**Aim of the exercise**
Copy every line of the records exactly, without including the images.

Captioned web image data
Segment Open

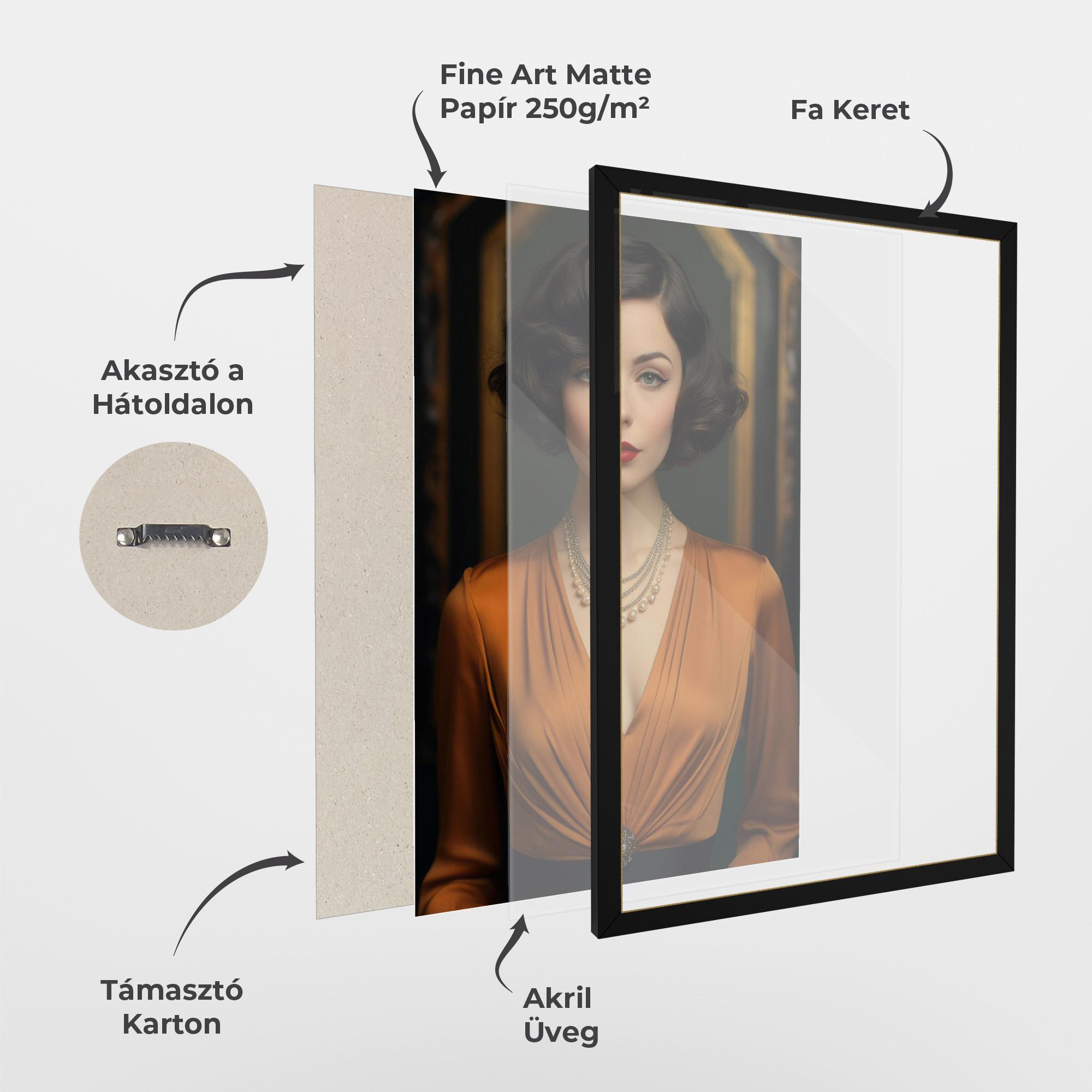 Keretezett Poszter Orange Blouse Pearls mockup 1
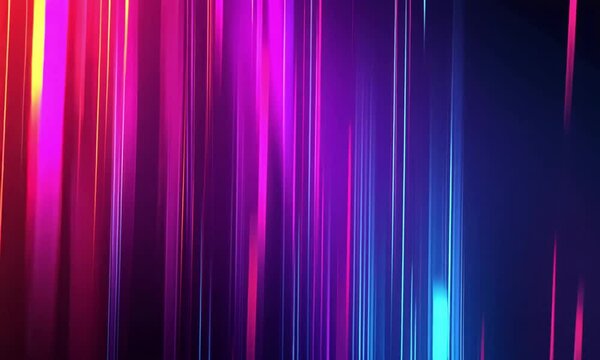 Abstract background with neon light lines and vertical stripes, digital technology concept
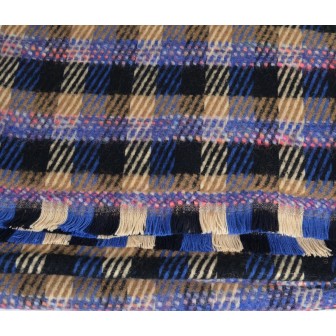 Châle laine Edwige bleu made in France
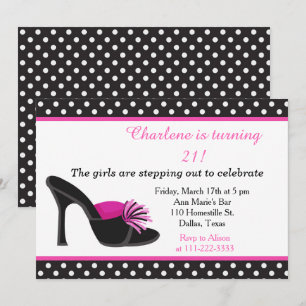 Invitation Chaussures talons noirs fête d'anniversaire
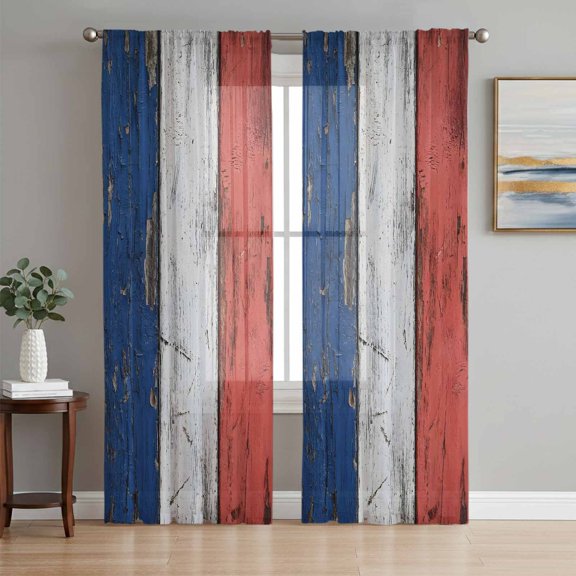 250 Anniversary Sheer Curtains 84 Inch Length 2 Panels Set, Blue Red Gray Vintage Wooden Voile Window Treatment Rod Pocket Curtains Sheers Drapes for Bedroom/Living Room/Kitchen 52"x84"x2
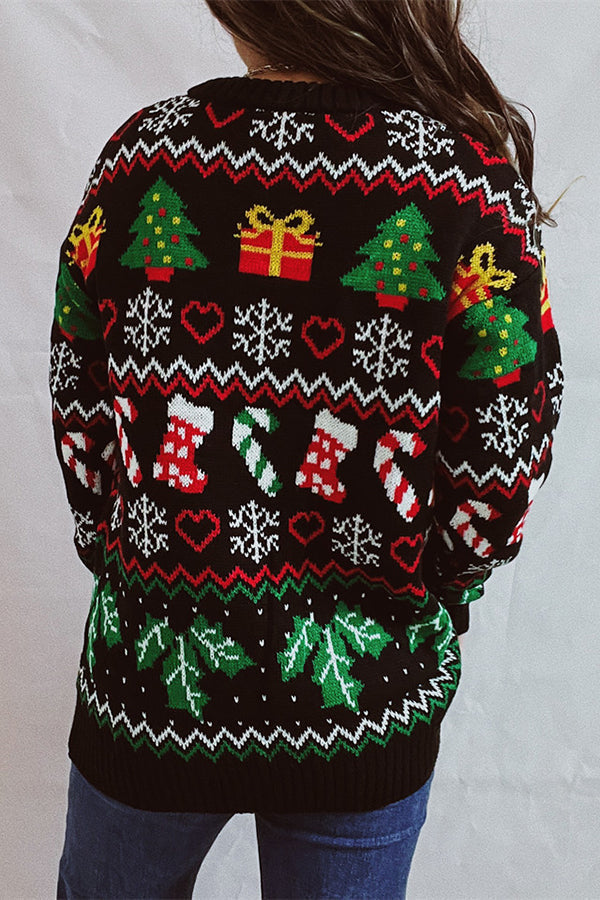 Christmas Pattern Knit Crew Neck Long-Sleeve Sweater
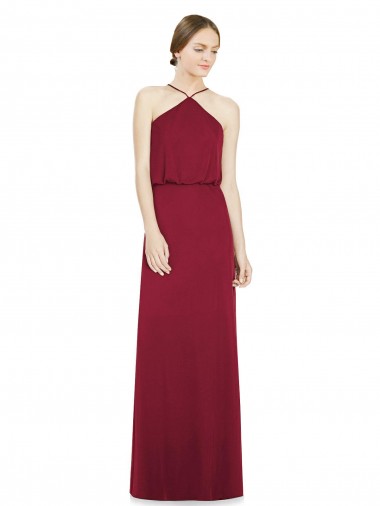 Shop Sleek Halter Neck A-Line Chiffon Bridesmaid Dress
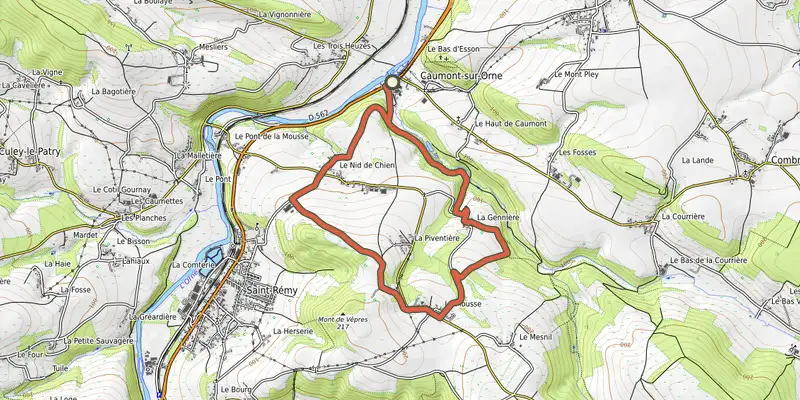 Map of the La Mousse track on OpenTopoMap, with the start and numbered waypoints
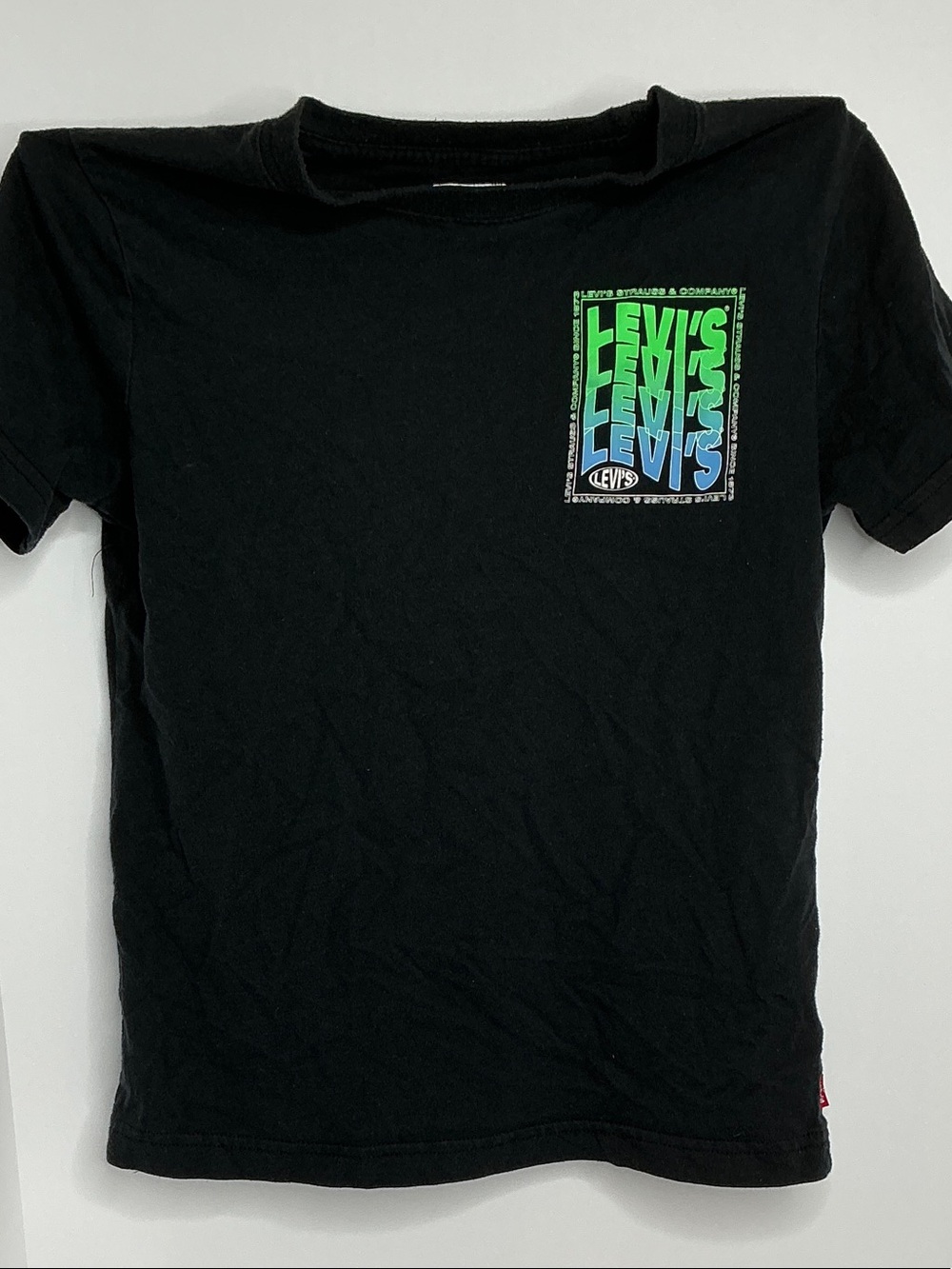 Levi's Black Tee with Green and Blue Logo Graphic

Segment Closed

**Exercise response**
 Keretezett Poszter Orange Blouse Pearls mockup 1
 Abstract background with neon light lines and vertical stripes, digital technology concept
 Châle laine Edwige bleu made in France
 Invitation Chaussures talons noirs fête d'anniversaire
 250 Anniversary Sheer Curtains 84 Inch Length 2 Panels Set, Blue Red Gray Vintage Wooden Voile Window Treatment Rod Pocket Curtains Sheers Drapes for Bedroom/Living Room/Kitchen 52"x84"x2
 Christmas Pattern Knit Crew Neck Long-Sleeve Sweater
 Shop Sleek Halter Neck A-Line Chiffon Bridesmaid Dress
 Map of the La Mousse track on OpenTopoMap, with the start and numbered waypoints
 Levi's Black Tee with Green and Blue Logo Graphic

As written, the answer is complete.